Compiler-Programming: What are the most fundamental ingredients?


I am interested in writing a very minimalistic compiler.

I want to write a small piece of software (in C/C++) that fulfills the following criteria:

  • output in ELF format (*nix)
  • input is a single textfile
  • C-like grammar and syntax
  • no linker
  • no preprocessor
  • very small (max. 1-2 KLOC)

Language features:

  • native data types: char, int and floats
  • arrays (for all native data types)
  • variables
  • control structures (if-else)
  • functions
  • loops (would be nice)
  • simple algebra (div, add, sub, mul, boolean expressions, bit-shift, etc.)
  • inline asm (for system calls)

Can anybody tell me how to start? I don't know what parts a compiler consists of (at least not in the sense that I just could start right off the shelf) and how to program them. Thank you for your ideas.


Solution

  • Firstly, you need to decide whether you are going to make a compiler or an interpreter. A compiler translates your code into something that can be run either directly on hardware, in an interpreter, or get compiled into another language which then is interpreted in some way. Both types of languages are turing complete so they have the same expressive capabilities. I would suggest that you create a compiler which compiles your code into either .net or Java bytecode, as it gives you a very optimized interpreter to run on as well as a lot of standard libraries.

    Once you made your decision there are some common steps to follow

    1. Language definition Firstly, you have to define how your language should look syntactically.

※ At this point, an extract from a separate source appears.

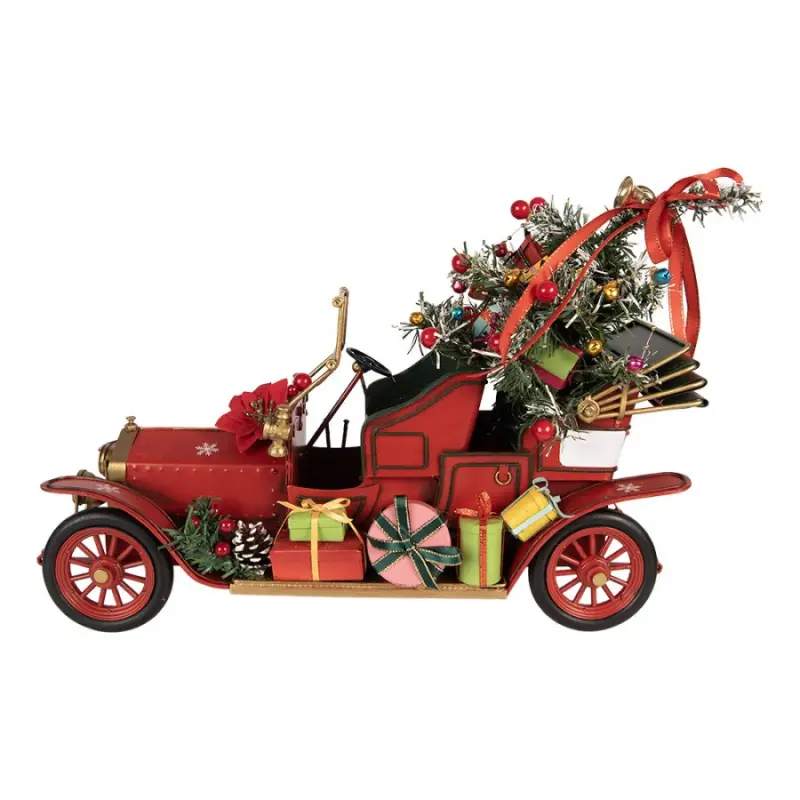 Červená kovová vánoční dekorace auto – 38x16x27 cm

    2. Lexer The second step is to create the keywords of your code, known as tokens. Here, we are talking about very basic elements such as numbers, addition sign, and strings.

    3. Parsing The next step is to create a grammar that matches your list of tokens. You can define your grammar using e.g. a context-free grammar. A number of tools can be fed with one of these grammars and create the parser for you. Usually, the parsed tokens are organized into a parse tree. A parse tree is the representation of your grammar as a data structure which you can move around in.

    4. Compiling or Interpreting The last step is to run some logic on your parse tree. A simple way to make your own interpreter is to create some logic associated to each node type in your tree and walk through the tree either bottom-up or top-down. If you want to compile to another language you can insert the logic of how to translate the code in the nodes instead.

    Wikipedia is great for learning more, you might want to start here.

    Concerning real-world reading material I would suggest "Programming language processors in JAVA" by David A Watt & Deryck F Brown. I used that book in my compilers course and learning by example is great in this field.